[[ Supplied information open ]]

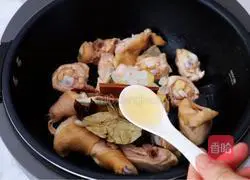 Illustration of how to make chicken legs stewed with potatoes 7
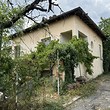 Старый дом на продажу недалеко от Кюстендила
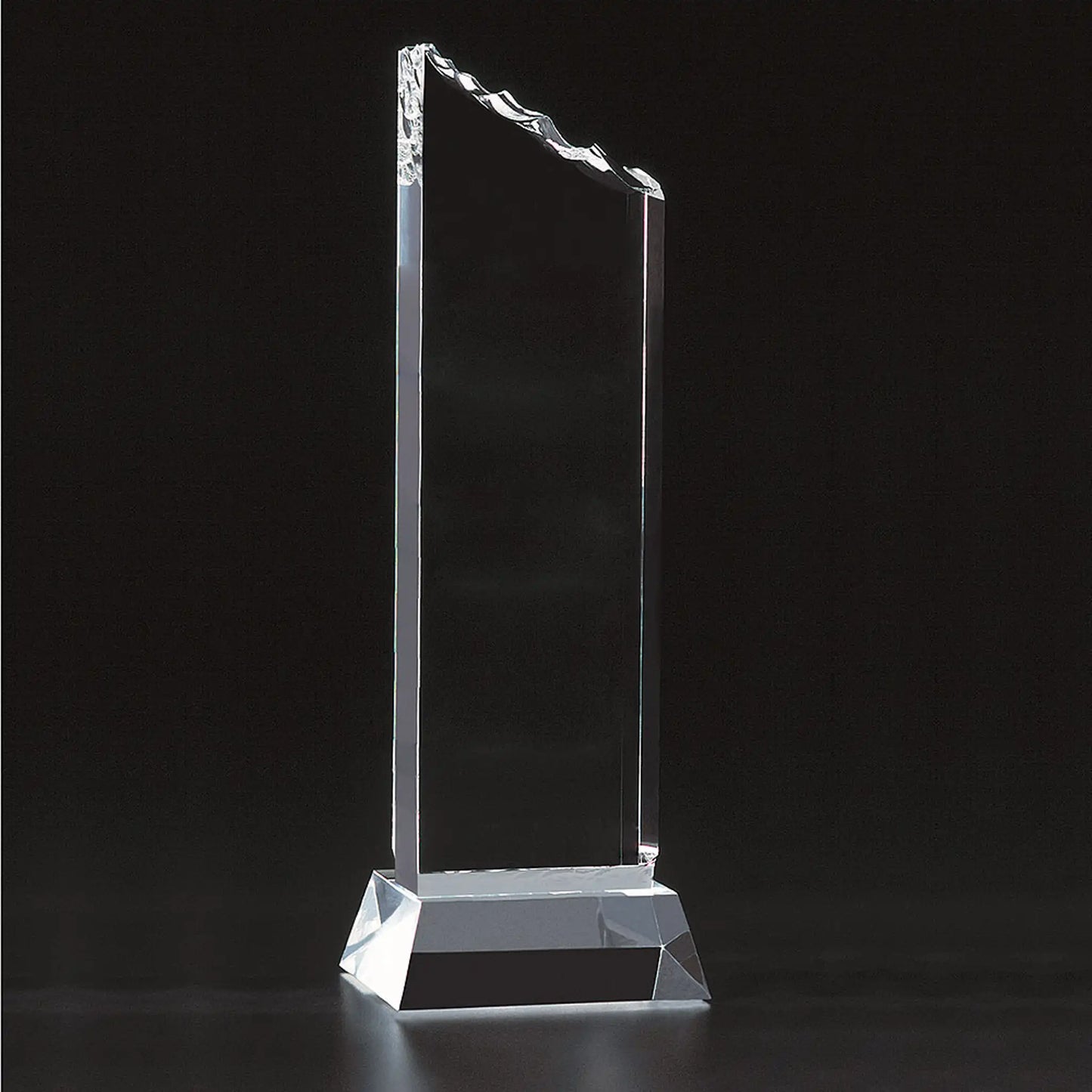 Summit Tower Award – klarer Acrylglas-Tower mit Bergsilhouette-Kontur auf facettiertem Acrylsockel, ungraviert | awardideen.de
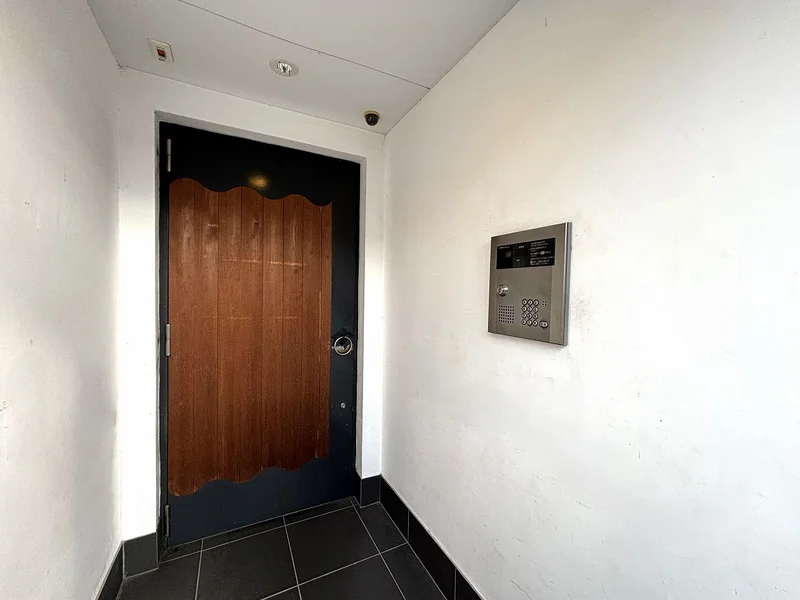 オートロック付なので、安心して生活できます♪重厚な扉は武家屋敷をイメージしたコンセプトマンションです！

[[ Supplied information closed ]]

→ Your task
The output is the data above, repeated exactly, with pictures omitted.

→ Result of this task
 Illustration of how to make chicken legs stewed with potatoes 7
 Старый дом на продажу недалеко от Кюстендила
 Summit Tower Award – klarer Acrylglas-Tower mit Bergsilhouette-Kontur auf facettiertem Acrylsockel, ungraviert | awardideen.de
 オートロック付なので、安心して生活できます♪重厚な扉は武家屋敷をイメージしたコンセプトマンションです！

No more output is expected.